━━━━━ SUPPLIED RECORDS

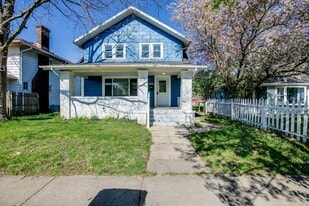 Building Photo - 1250 Portage Ave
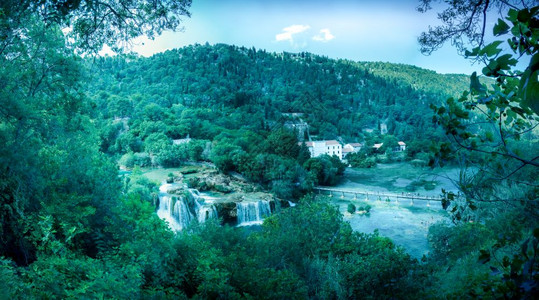 克罗地亚Sibenik克罗地亚公园之一Krka公园SkradinskiBuk的瀑布空中观察克罗地亚Sibenik的Krka公园图片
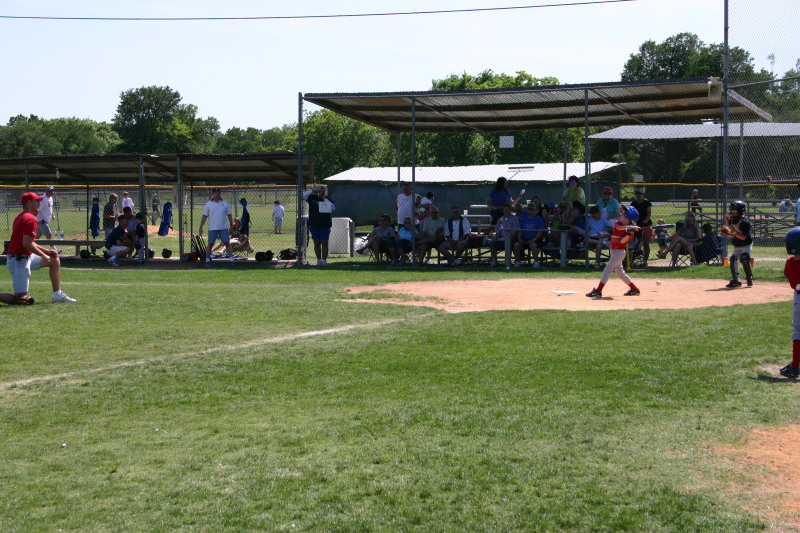 2006/05(May)/Tball-13th/800x600_2006-05-13-Tball-048-Matthew.JPG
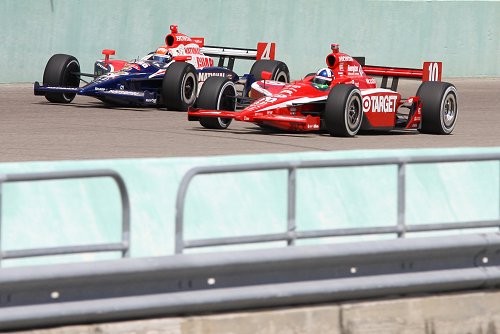 Spartelende Robert Doornbos moet drie IndyCar babes voor zich dulden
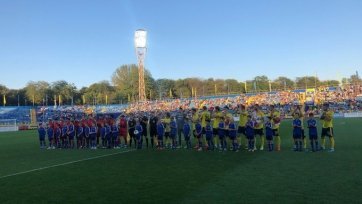 Фото: fc-rostov.ruМатч, который состоялся в Ростове на стадионе «Олимп-2», собрал на трибунах почти 11 000 зрителей. Финальный же свисток зафиксировал в поединке крупную победу ростовчан – 3:0.
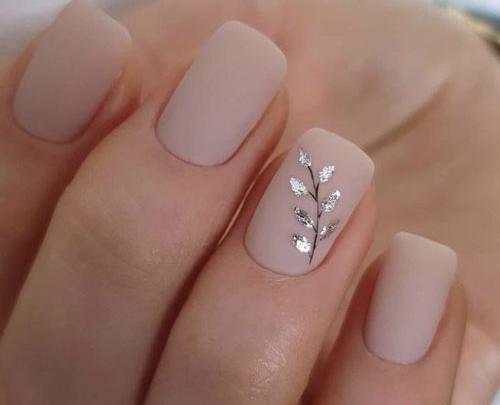 عکس مدل های کاشت ناخن ساده و شیک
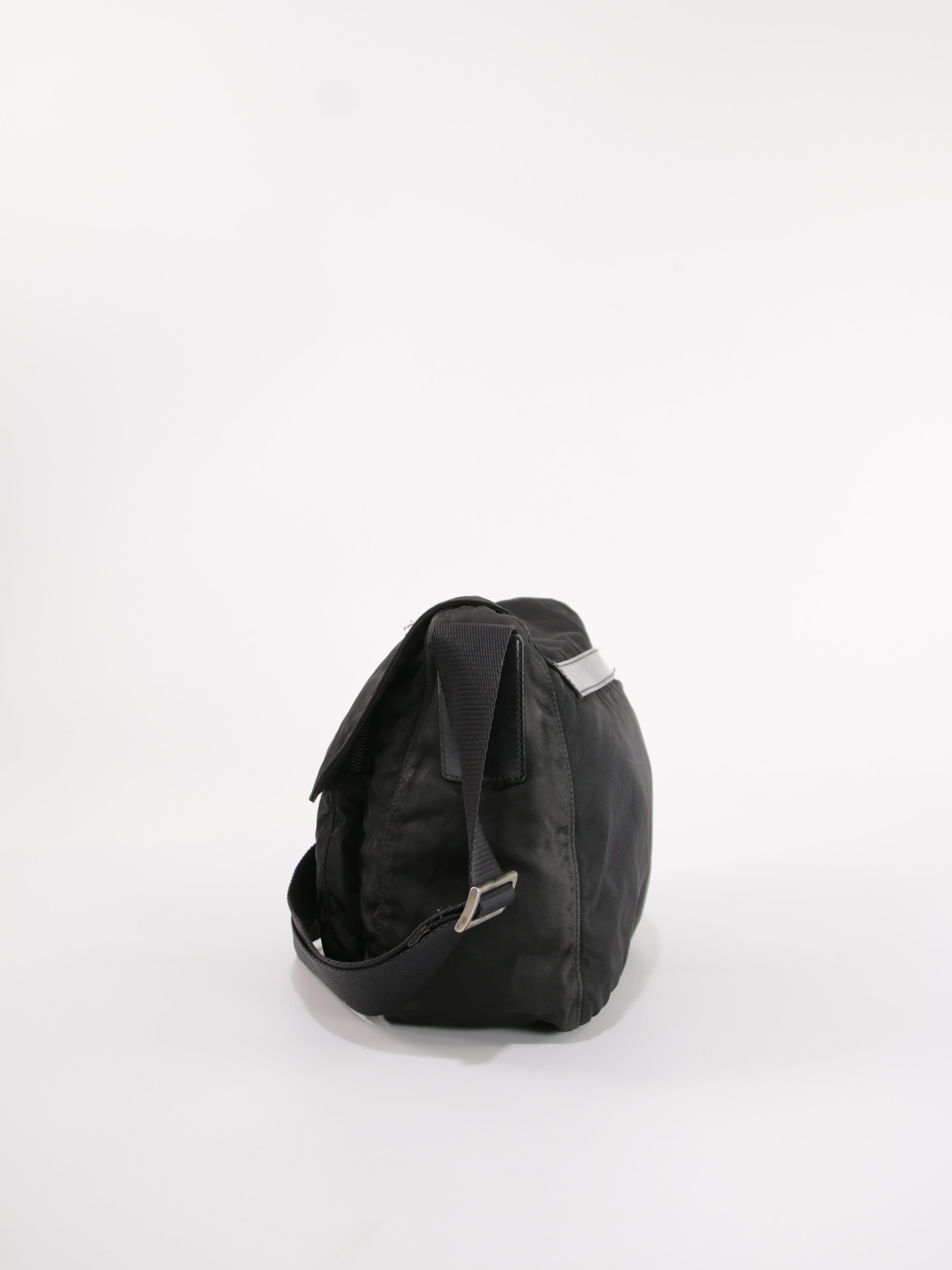 Single Buckle Messenger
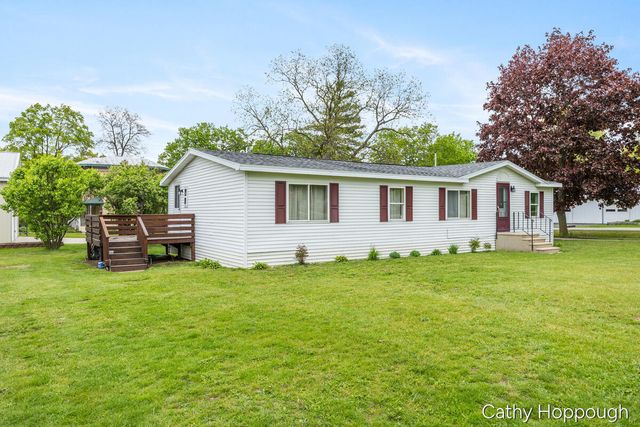 153 Baldwin Street, Lyons, MI 48851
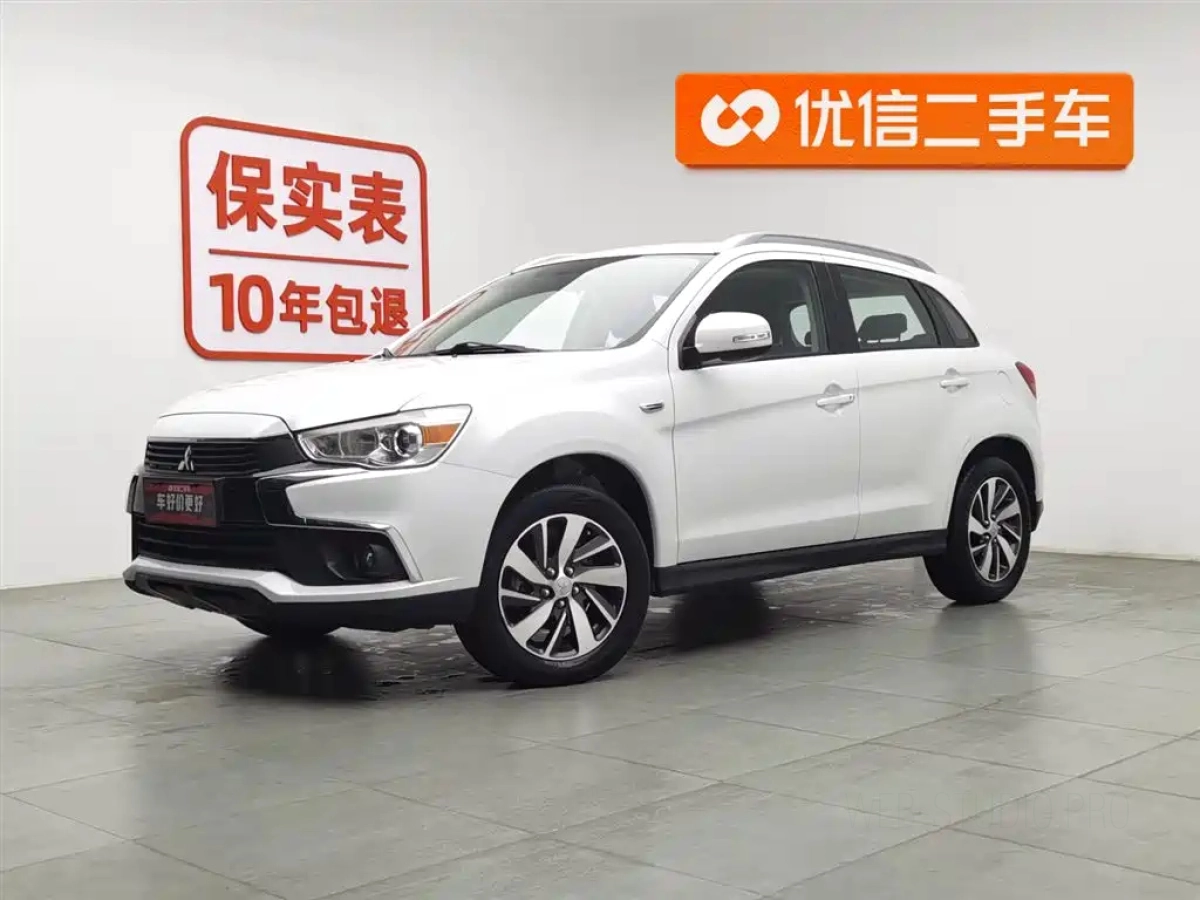 MITSUBISHI ASX  2019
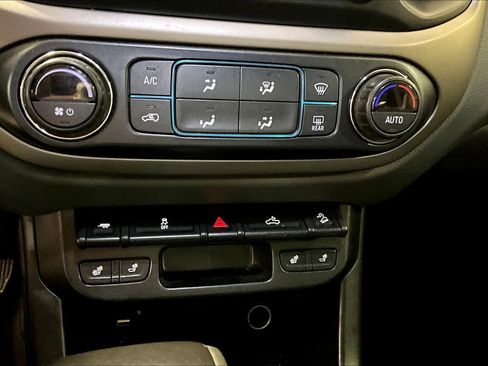 Used 2018 Chevrolet Colorado Z71 image 25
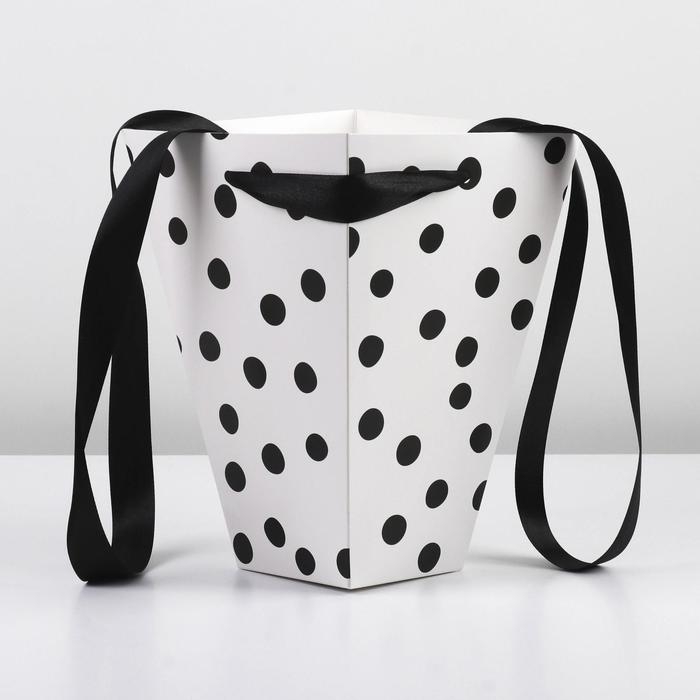 Коробка для цветов на лентах «Стильный горошек», 17 х 25 х 9 см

━━━━━━━━━━

INSTRUCTIONS FOR THE TASK:
The whole listing above, word for word: repeat it with the pictures excluded.

REPLY TO THE TASK:
 Building Photo - 1250 Portage Ave
 克罗地亚Sibenik克罗地亚公园之一Krka公园SkradinskiBuk的瀑布空中观察克罗地亚Sibenik的Krka公园图片
 2006/05(May)/Tball-13th/800x600_2006-05-13-Tball-048-Matthew.JPG
 Spartelende Robert Doornbos moet drie IndyCar babes voor zich dulden
 Фото: fc-rostov.ruМатч, который состоялся в Ростове на стадионе «Олимп-2», собрал на трибунах почти 11 000 зрителей. Финальный же свисток зафиксировал в поединке крупную победу ростовчан – 3:0.
 عکس مدل های کاشت ناخن ساده و شیک
 Single Buckle Messenger
 153 Baldwin Street, Lyons, MI 48851
 MITSUBISHI ASX  2019
 Used 2018 Chevrolet Colorado Z71 image 25
 Коробка для цветов на лентах «Стильный горошек», 17 х 25 х 9 см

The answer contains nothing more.